In connection with the Transaction, American Lithium and Plateau have also entered into a secured loan agreement. The loan is in a principal amount of $1.5 million, carries an annual interest rate of 6% and is to be used in funding Plateau’s budgeted working capital needs.
Further information regarding the Transaction will be contained in a management information circular to be prepared by Plateau and mailed to its shareholders and optionholders in connection with a special meeting of securityholders to be held to consider the Arrangement, which is expected to be held in April 2021, with further details to be provided. All shareholders and optionholders of Plateau are urged to read the information circular once available, as it will contain important additional information concerning the Transaction.
Board Recommendations and Voting Support
The Arrangement has been unanimously approved by the board of directors of both American Lithium and Plateau, and the directors of Plateau, based on the recommendation of a special committee of independent directors of Plateau, recommend that Plateau shareholders and optionholders vote in favour of the Transaction.
All of the directors and officers of Plateau, plus certain significant shareholders, directly holding or controlling in aggregate approximately 17% of the issued and outstanding common shares of Plateau, have entered into customary voting support agreements agreeing to vote in favour of the Transaction.

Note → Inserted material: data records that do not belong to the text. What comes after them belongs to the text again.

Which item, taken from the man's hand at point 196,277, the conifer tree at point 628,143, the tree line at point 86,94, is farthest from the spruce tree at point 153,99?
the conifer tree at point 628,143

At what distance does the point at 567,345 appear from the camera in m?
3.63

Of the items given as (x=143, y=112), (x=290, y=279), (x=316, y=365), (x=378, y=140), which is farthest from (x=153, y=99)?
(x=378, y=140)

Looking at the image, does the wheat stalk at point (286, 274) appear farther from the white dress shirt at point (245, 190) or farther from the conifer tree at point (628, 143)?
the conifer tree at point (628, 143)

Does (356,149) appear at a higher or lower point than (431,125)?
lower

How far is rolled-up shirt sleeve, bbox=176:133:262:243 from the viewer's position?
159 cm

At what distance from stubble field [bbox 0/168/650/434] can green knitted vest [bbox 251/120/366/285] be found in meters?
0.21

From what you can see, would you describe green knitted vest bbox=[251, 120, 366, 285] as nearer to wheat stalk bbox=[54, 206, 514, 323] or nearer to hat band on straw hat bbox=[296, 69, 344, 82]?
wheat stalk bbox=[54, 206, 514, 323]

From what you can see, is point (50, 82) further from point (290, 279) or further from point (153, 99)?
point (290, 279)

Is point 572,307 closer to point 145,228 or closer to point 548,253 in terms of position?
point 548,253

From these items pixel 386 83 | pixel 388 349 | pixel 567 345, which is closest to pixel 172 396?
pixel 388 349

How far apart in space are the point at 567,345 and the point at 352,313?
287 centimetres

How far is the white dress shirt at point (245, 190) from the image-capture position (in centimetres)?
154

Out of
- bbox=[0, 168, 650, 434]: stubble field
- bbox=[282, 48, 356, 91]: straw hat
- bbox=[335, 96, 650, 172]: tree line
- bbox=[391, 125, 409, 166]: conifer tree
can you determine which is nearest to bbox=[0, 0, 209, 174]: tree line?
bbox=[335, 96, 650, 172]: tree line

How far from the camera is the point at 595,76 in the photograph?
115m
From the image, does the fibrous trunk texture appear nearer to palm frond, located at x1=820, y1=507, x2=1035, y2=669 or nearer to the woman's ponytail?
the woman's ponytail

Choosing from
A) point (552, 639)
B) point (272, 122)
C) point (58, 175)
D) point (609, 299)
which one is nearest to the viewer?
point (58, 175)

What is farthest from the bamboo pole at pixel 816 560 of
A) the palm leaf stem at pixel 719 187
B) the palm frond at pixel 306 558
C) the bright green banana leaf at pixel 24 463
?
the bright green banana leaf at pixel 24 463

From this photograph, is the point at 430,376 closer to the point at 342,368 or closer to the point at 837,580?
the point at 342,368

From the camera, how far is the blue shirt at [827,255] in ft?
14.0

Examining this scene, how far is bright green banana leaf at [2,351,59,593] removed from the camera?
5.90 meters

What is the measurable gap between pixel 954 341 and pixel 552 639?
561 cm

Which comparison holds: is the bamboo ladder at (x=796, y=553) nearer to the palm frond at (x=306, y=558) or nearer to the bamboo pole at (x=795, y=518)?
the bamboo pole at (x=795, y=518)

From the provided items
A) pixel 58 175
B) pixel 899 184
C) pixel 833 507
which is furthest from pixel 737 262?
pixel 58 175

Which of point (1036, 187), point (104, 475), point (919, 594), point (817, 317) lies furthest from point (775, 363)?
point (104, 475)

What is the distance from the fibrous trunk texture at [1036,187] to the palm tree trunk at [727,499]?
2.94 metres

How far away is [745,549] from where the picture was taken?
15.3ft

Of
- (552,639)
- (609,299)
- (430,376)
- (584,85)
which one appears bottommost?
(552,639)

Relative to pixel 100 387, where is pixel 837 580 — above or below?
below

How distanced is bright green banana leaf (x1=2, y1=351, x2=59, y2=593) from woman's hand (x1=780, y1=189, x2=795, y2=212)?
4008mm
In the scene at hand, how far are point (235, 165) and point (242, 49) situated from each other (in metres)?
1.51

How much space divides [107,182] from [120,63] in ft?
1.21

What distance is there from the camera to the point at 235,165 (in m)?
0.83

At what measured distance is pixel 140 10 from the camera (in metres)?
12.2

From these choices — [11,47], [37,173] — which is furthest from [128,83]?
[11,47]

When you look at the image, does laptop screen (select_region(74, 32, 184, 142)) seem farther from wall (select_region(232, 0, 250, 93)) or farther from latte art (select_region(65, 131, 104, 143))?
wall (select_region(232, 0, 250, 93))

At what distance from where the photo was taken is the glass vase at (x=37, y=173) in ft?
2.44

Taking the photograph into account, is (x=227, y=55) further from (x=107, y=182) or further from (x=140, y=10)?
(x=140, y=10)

Haywood Securities Inc. has provided a fairness opinion to the special committee and board of directors of Plateau that, as of the date thereof, and based upon and subject to the assumptions, limitations and qualifications stated therein, the consideration to be received by the shareholders of Plateau under the Arrangement is fair, from a financial point of view, to the shareholders of Plateau.
Advisors and Counsel
Cassels Brock & Blackwell LLP is acting as legal counsel to American Lithium. In connection with completion of the Transaction, Axemen Resource Capital Ltd. is entitled to receive a success fee upon closing.

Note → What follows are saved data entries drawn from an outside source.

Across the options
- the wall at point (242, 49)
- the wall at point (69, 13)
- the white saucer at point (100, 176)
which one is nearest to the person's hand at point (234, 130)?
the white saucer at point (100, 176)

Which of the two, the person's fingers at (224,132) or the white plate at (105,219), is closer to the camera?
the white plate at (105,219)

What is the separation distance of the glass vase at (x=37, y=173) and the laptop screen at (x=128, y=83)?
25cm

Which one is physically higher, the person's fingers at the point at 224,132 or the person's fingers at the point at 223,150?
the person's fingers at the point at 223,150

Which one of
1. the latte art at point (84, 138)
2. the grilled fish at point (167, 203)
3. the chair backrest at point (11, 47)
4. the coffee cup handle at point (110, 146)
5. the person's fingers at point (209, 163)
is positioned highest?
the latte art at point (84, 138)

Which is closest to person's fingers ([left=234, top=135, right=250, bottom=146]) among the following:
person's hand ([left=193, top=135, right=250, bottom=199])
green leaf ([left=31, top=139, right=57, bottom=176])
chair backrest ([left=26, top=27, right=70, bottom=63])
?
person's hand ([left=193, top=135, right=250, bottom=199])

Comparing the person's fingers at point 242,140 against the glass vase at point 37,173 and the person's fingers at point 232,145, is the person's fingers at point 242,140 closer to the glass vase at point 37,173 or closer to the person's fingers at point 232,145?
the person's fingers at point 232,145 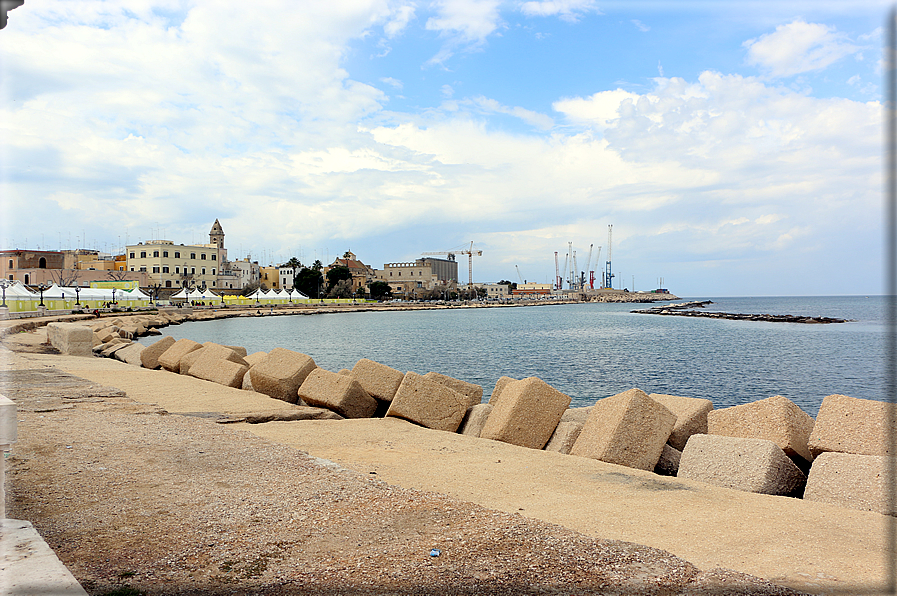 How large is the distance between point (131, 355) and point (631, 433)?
16.8 m

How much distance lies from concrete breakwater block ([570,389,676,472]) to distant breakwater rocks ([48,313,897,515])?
1 cm

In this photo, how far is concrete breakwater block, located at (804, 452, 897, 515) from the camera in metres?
5.59

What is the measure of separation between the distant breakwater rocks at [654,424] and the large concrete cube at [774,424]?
0.01m

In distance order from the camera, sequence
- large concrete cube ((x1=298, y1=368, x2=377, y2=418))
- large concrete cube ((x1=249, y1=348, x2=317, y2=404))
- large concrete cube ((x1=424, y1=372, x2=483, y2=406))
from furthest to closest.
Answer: large concrete cube ((x1=424, y1=372, x2=483, y2=406))
large concrete cube ((x1=249, y1=348, x2=317, y2=404))
large concrete cube ((x1=298, y1=368, x2=377, y2=418))

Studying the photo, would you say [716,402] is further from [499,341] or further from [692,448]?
[499,341]

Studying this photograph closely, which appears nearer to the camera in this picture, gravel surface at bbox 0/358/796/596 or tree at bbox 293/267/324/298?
gravel surface at bbox 0/358/796/596

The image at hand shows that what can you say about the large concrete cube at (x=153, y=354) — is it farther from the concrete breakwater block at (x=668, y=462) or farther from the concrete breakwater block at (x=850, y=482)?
the concrete breakwater block at (x=850, y=482)

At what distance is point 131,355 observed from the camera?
18.8m

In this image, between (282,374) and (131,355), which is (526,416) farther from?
(131,355)

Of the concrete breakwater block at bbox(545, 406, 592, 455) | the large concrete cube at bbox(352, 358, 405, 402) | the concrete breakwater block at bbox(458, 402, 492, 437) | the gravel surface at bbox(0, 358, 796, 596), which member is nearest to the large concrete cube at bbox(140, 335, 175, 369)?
the large concrete cube at bbox(352, 358, 405, 402)

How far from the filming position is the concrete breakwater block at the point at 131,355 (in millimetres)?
18206

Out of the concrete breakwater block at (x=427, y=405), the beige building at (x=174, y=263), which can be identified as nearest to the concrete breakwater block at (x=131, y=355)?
the concrete breakwater block at (x=427, y=405)

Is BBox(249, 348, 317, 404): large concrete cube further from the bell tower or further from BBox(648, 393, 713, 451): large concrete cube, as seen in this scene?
the bell tower

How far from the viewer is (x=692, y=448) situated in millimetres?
6938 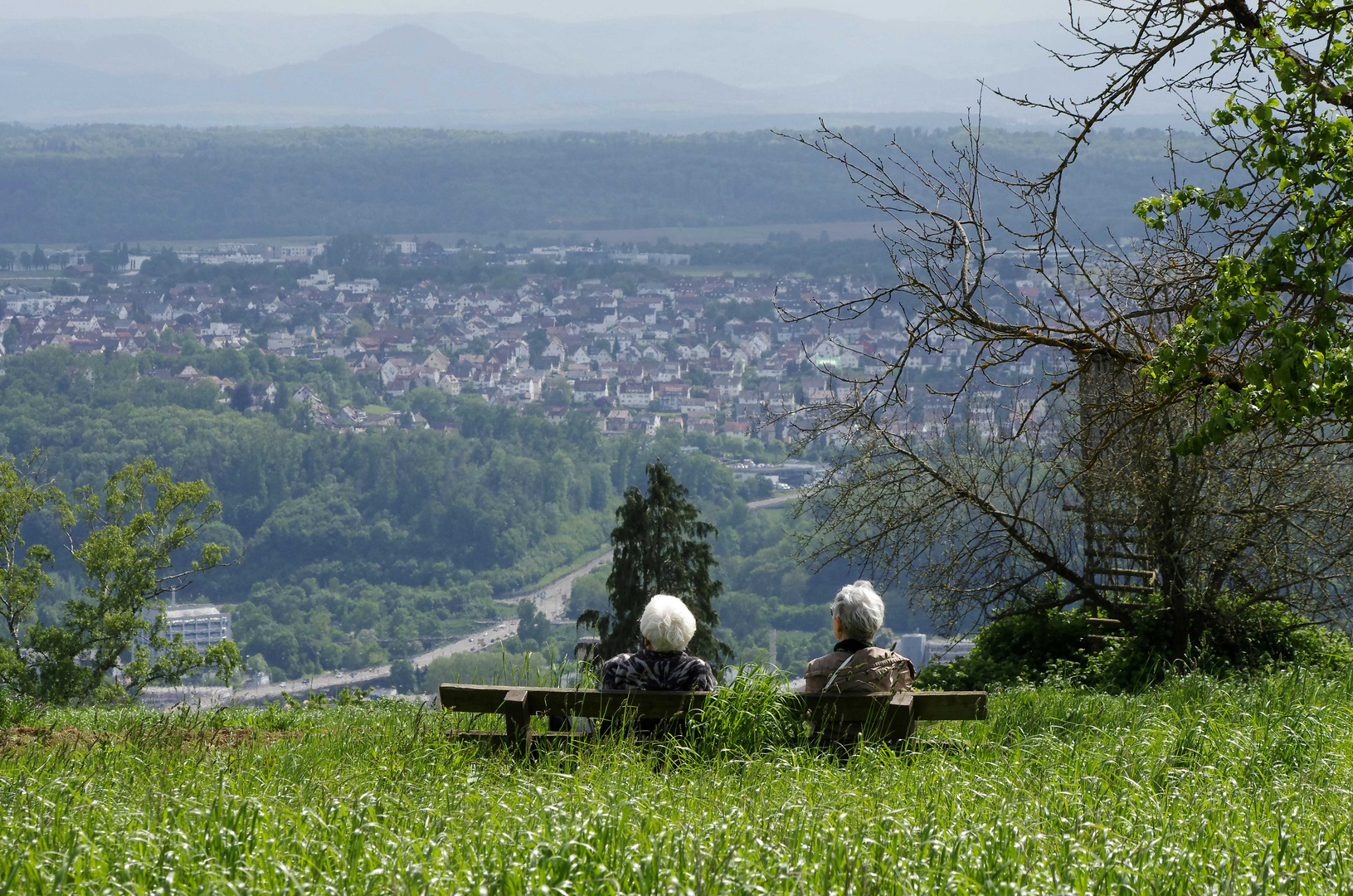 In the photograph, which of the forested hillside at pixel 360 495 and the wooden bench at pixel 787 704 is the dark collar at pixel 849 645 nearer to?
the wooden bench at pixel 787 704

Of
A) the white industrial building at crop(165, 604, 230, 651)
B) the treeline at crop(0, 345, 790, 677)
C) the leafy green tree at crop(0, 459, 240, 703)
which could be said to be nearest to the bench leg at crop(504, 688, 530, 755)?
the leafy green tree at crop(0, 459, 240, 703)

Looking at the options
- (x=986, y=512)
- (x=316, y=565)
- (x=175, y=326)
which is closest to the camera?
(x=986, y=512)

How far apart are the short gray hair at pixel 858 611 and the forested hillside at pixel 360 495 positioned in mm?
85843

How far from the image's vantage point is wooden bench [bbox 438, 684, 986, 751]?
3992mm

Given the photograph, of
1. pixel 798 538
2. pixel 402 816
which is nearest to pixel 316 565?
pixel 798 538

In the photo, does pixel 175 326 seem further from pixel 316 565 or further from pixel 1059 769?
pixel 1059 769

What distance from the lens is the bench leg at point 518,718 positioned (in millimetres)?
4043

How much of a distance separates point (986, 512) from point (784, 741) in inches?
219

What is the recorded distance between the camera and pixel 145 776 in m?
3.45

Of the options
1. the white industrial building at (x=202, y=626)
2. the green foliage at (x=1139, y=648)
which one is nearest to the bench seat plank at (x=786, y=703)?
the green foliage at (x=1139, y=648)

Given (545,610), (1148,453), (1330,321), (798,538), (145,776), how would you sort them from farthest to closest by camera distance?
1. (545,610)
2. (798,538)
3. (1148,453)
4. (1330,321)
5. (145,776)

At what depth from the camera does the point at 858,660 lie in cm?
437

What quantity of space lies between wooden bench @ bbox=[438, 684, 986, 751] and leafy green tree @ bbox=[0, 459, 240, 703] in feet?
58.8

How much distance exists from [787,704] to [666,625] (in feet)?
1.77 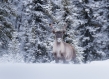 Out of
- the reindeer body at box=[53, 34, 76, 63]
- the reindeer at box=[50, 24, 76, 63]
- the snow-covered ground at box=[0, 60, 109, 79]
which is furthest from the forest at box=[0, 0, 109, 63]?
the snow-covered ground at box=[0, 60, 109, 79]

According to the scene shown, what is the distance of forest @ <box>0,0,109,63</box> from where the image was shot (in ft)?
65.3

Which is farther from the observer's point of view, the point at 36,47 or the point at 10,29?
the point at 36,47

Haywood Securities Inc. is acting as financial advisor and Blake, Cassels & Graydon LLP is acting as legal counsel to Plateau. In connection with completion of the Transaction, Bedrock Capital Corporation, or its agent, is entitled to receive a finder’s fee upon closing.
None of the securities to be issued pursuant to the Transaction have been or will be registered under the United State Securities Act of 1933, as amended (the “U.S. Securities Act”), or any state securities laws, and any securities issued pursuant to the Transaction are anticipated to be issued in reliance upon available exemptions from such registration requirements pursuant to Section 3(a)(10) of the U.S. Securities Act and applicable exemptions under state securities laws. This news release does not constitute an offer to sell or the solicitation of an offer to buy any securities.
About American Lithium
American Lithium is actively engaged in the acquisition, exploration and development lithium deposits within mining-friendly jurisdictions throughout the Americas. The company is currently exploring and developing the TLC lithium project located in the highly prospective Esmeralda lithium district in Nevada. TLC is close to infrastructure, 3.5 hours south of the Tesla Gigafactory, and in the same basinal environment as Albemarle’s Silver Peak lithium mine, and several advancing deposits and resources, including Ioneer Ltd.’s (formerly Global Geoscience) Rhyolite Ridge and Cypress Development Corp.’s Clayton Valley Project.
Plateau Energy Metals Inc., a Canadian exploration and development company, is enabling the new energy paradigm through exploring and developing its Falchani lithium project and Macusani uranium project in southeastern Peru, both of which are situated near significant infrastructure.